Henglin Mir, Ghareghani Maryam, Harvey William, Porubsky David, Koren Sergey, Eichler Evan E, Ebert Peter, Marschall Tobias
Institute for Medical Biometry and Bioinformatics, Medical Faculty and University Hospital Düsseldorf, Heinrich Heine University Düsseldorf, Germany.
Center for Digital Medicine, Heinrich Heine University Düsseldorf, Germany.
bioRxiv. 2024 Jun 20:2024.02.15.580432. doi: 10.1101/2024.02.15.580432.

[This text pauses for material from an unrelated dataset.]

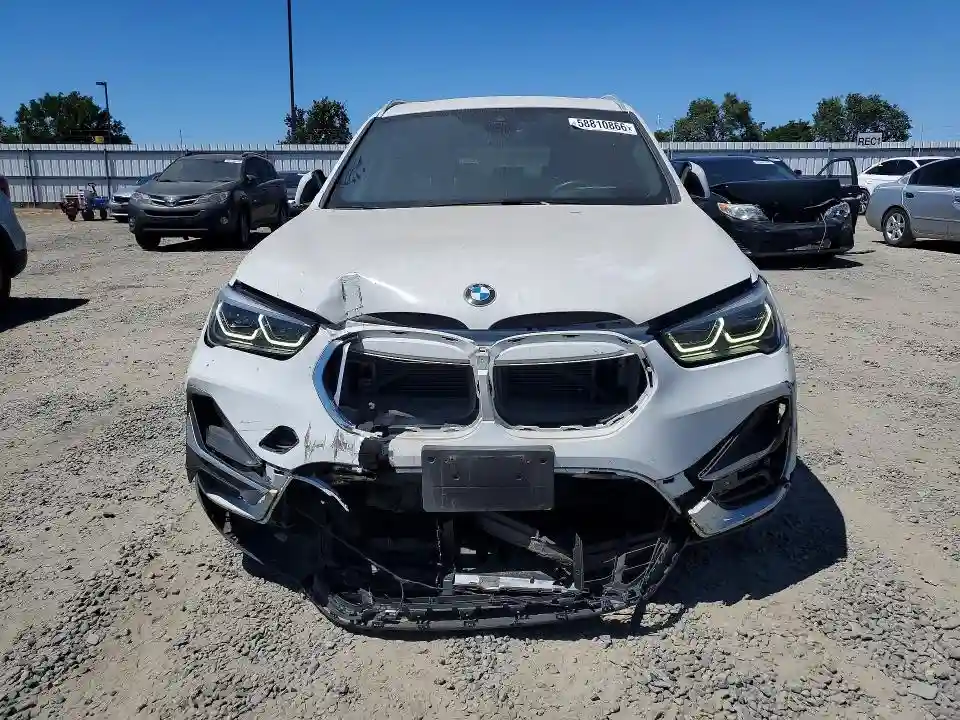 WBXJG7C08N5U49380 2022 BMW X1-4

Haplotype information is crucial for biomedical and population genetics research. However, current strategies to produce haplotype-resolved assemblies often require either difficult-to-acquire parental data or an intermediate haplotype-collapsed assembly. Here, we present Graphasing, a workflow which synthesizes the global phase signal of Strand-seq with assembly graph topology to produce chromosome-scale haplotypes for diploid genomes. Graphasing readily integrates with any assembly workflow that both outputs an assembly graph and has a haplotype assembly mode. Graphasing performs comparably to trio-phasing in contiguity, phasing accuracy, and assembly quality, outperforms Hi-C in phasing accuracy, and generates human assemblies with over 18 chromosome-spanning haplotypes.
单倍型信息对于生物医学和群体遗传学研究至关重要。然而,当前生成单倍型解析装配体的策略通常需要难以获取的亲本数据或中间单倍型折叠装配体。在此,我们提出了Graphasing,这是一种将Strand-seq的全局相位信号与装配图拓扑结构相结合的工作流程,用于生成二倍体基因组的染色体规模单倍型。Graphasing可以轻松地与任何既输出装配图又具有单倍型装配模式的装配工作流程集成。Graphasing在连续性、相位准确性和装配质量方面与三联体相位分析相当,在相位准确性方面优于Hi-C,并生成具有超过18个跨染色体单倍型的人类装配体。